▶ [What needs to be done]
From the entries that follow, copy exactly the lines beginning at the line holding "Гигантска богомолка от" and continuing through the line holding "Nike Air Jordan 4".

▶ [Data to use]
────────────────────

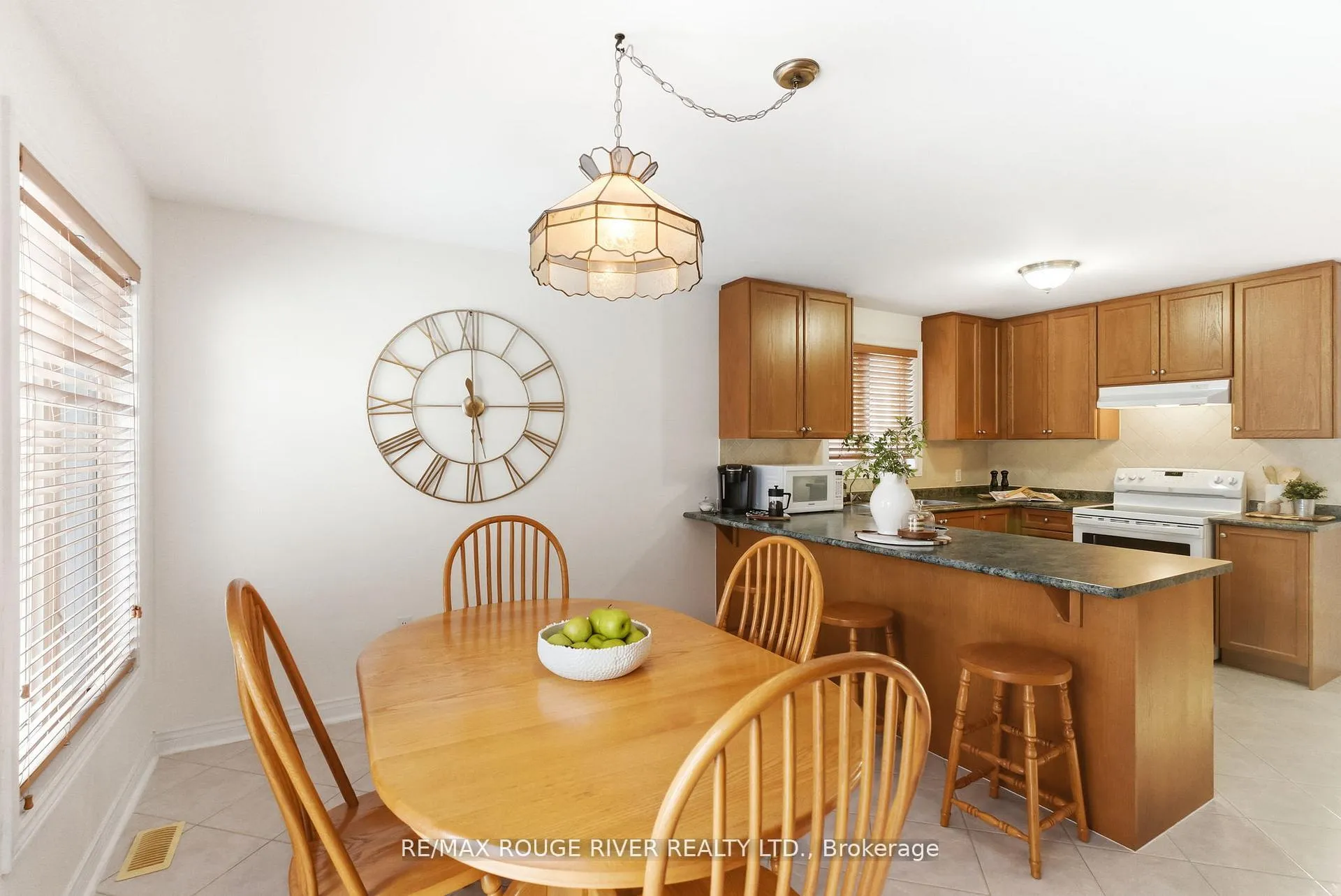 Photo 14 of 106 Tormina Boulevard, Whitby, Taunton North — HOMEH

────────────────────

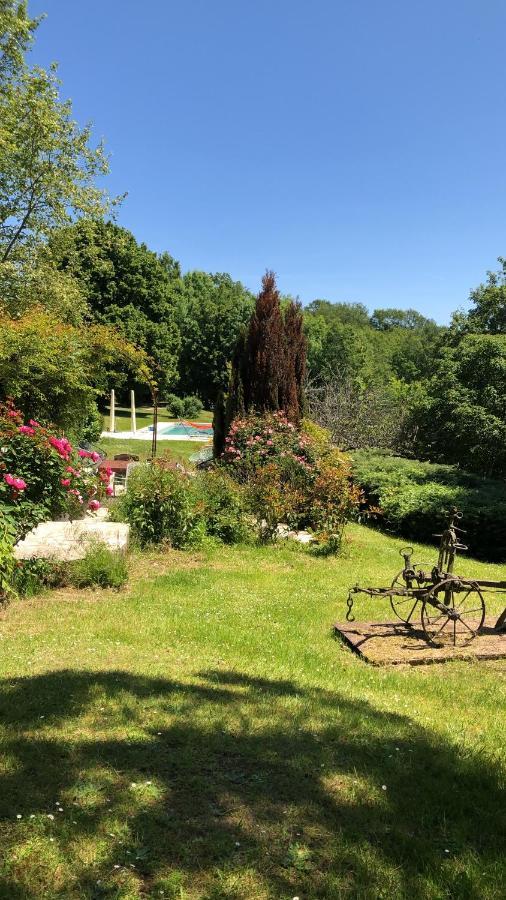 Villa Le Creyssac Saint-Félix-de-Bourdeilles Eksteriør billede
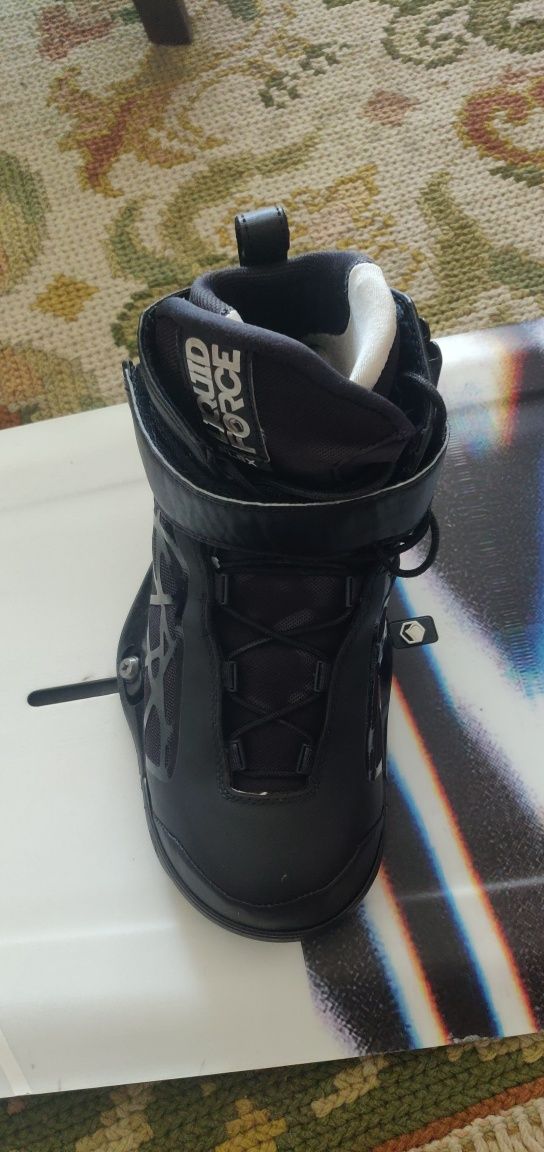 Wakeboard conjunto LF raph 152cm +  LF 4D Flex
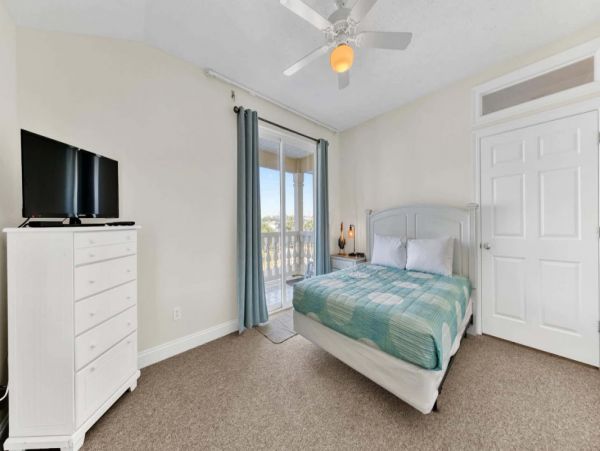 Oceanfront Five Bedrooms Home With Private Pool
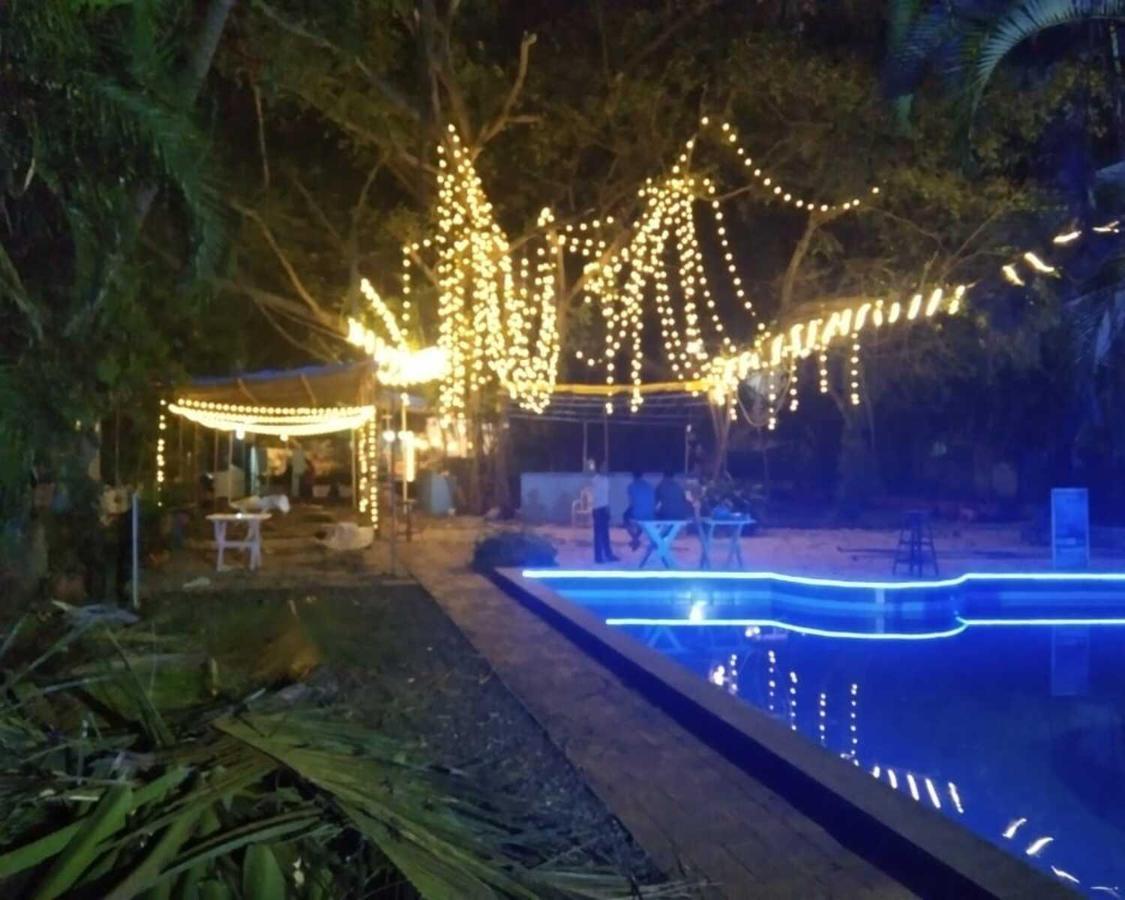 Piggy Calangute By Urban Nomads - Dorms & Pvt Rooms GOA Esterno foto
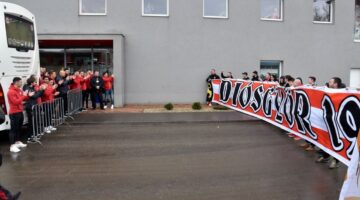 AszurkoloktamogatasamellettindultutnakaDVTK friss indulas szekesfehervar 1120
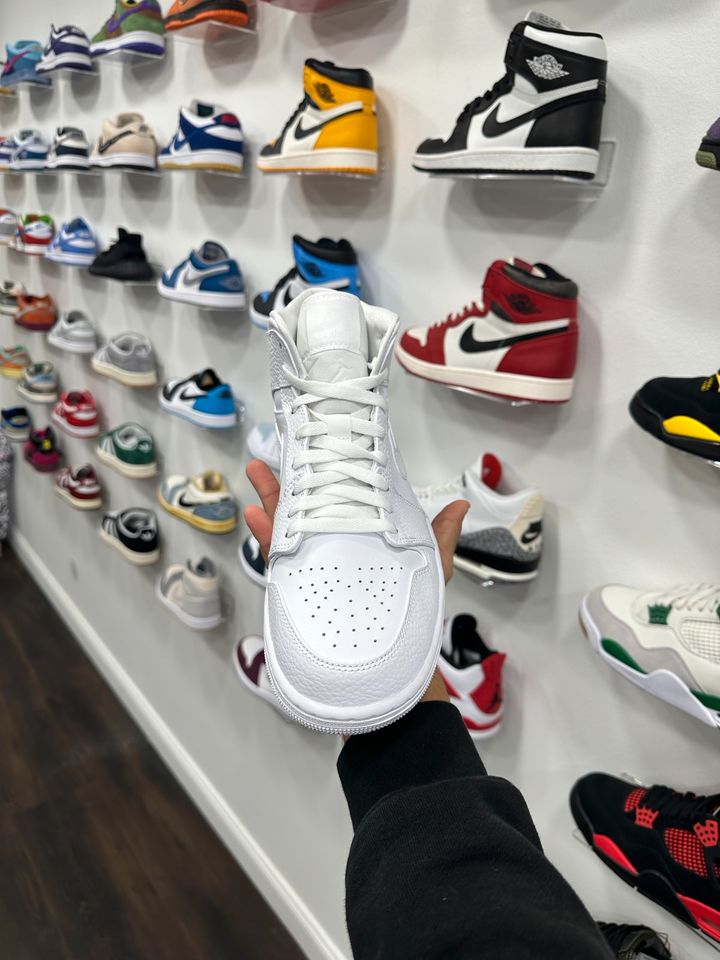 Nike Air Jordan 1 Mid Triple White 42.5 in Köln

────────────────────

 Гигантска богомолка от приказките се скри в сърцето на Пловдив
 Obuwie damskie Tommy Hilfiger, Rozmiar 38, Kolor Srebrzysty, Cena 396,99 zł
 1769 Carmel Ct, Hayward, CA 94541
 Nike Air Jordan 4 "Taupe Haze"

────────────────────

▶ [Answer for this exercise]
 Гигантска богомолка от приказките се скри в сърцето на Пловдив
 Obuwie damskie Tommy Hilfiger, Rozmiar 38, Kolor Srebrzysty, Cena 396,99 zł
 1769 Carmel Ct, Hayward, CA 94541
 Nike Air Jordan 4 "Taupe Haze"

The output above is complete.